Abandonar Rita, Setraga e o meu trabalho,  foi  abandonar algo que, por alguma razão, apodreceu. Não me custava de forma especial, nem tinha sequer o prazer  suspeito de abandonar. O país passara  a conjugar  o verbo  com eficiência. Abandonava-se a  cidade  onde se vivia, o próprio país ( antes da proibição da CADE) , qualquer trabalho monótono e  disparatado. O sentimento de abandono assentou na comunidade. É necessário recordar que os que ficaram foram os que não puderam sair.
Uns dias antes, compareci na delegação  do GASO . Tinham-me colocado numa escola primária  a dar apoio a crianças com dificuldades de aprendizagem. Havia cada vez menos crianças, por isso havia cada vez menos trabalho Trabalhava duas horas por dia, sempre de tarde, e ganhava 400 euros. Limitava-me  a ler com os garotos, a rever a tabuada e  a fazer macaquices no computador. Ninguém  se importava se eu fazia bem o trabalho. Eu também não. Aquele era o meu trabalho, se bem que eu já não soubesse qual era o meu trabalho. A situação fez-me o que fez a muita gente: obrigo  a fazer o que fosse preciso. Aqueles garotos teriam  um futuro igual ao meu, a trabalhar para o GASO,  talvez a dar aulas de apoio aos futuros  abonados.

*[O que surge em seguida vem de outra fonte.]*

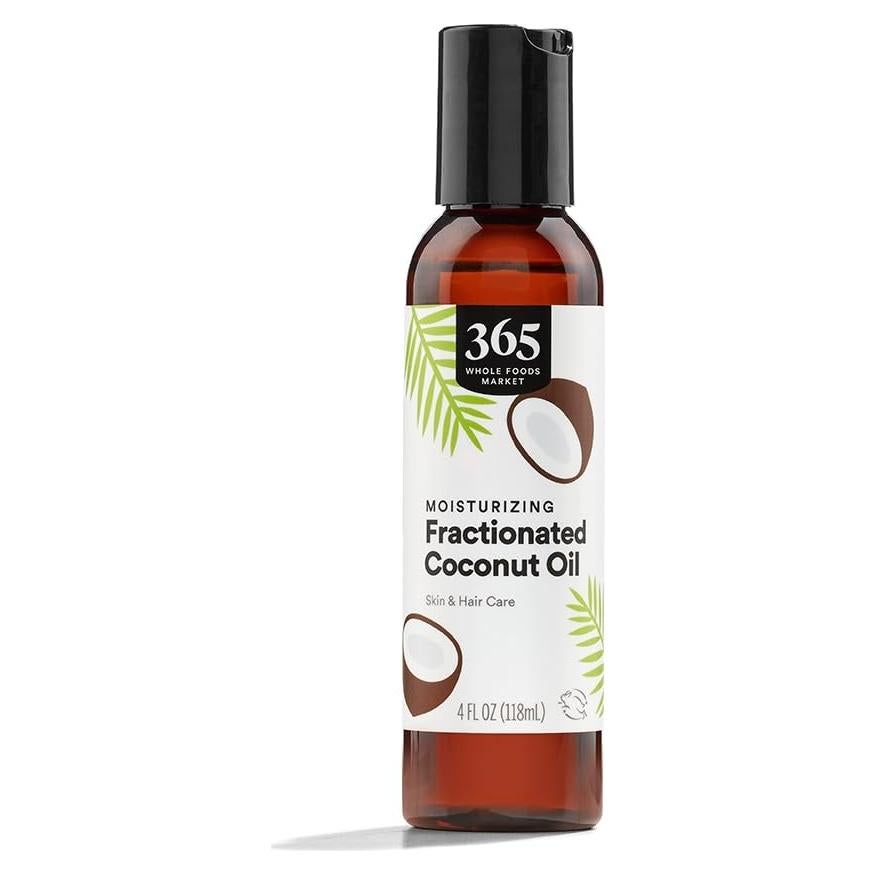 Aceite de Coco Fraccionado 365 Whole Foods 118 ml Hidratante
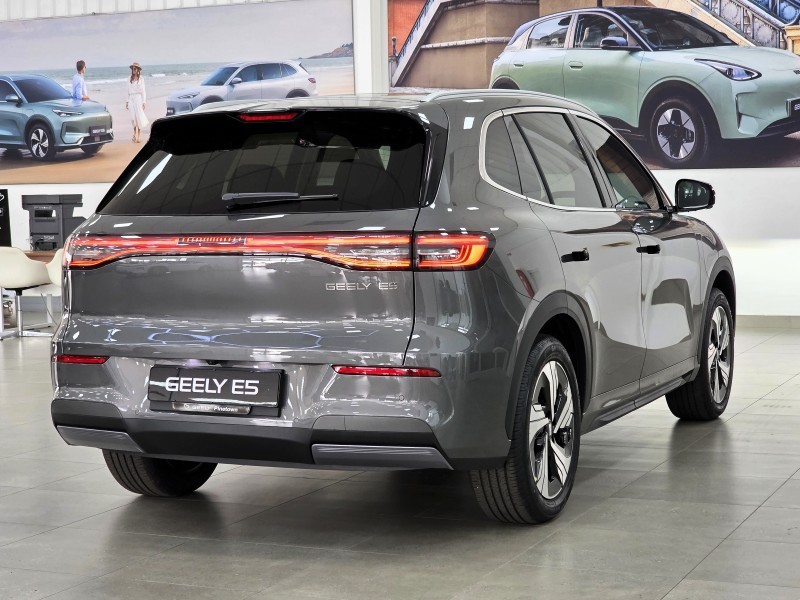 Geely Galaxy E5 - Geely Pinetown - Image 11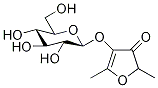 2,5-Dimethyl-4-hydroxy-3(2h)-furanone β-d-glucopyranosideStructure,121063-56-7Structure 2,5-Dimethyl-4-hydroxy-3(2h)-furanone β-d-glucopyranoside Structure,121063-56-7Structure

Fui ao gabinete do vice-director, um lambe-botas  de apelido Vedia ( nunca cheguei a saber o primeiro nome), que, nos bons tempos, foi director regional  da educação, nomeado pelo partido local, tendo sucedido a um aparelhista semelhante, mas de outra filiação partidária. Quando os partidos  deram de si, corria nas tertúlias políticas a ideia de que, pelo menos, acabava o carreirismo. Engano puro. Na educação, por exemplo,  continuaram a ser nomeados indvíduos que julgavam que paideia era um palavrão. 
A secretária não estava no seu posto e por isso bati logo à porta. Mandou-me entrar. Sem me sentar, cumprimentei-o e disse-lhe que  me ia embora.
       - Não é assim tão simples .
Olhei  para  ele e arrependi-me da minha estupidez. Tinha pensado nisso.
Devia  ter ido embora sem  dizer nada.  Enquanto ele arengava sobre responsabilidade, compromisso com o futuro e outras porcarias,  revi a táctica
-       Tenho a declaração de desobrigação pronta. Enviei-a por correio electrónico e  quero saber onde deixo a versão em papel.  Não sou obrigado  a ficar.
Foi como se estivesse  a falar da metereologia. Não me ligou patavina e continuou a dizer que não, que não era assim, que depois falaríamos. E sublinhou:
-       Sabe que perde o subsídio de integração, não sabe? E que o perde por um perído  nunca inferior a cinco anos? Ou seja, ou vai roubar ou trabalhará de borla num qualquer CEREAL.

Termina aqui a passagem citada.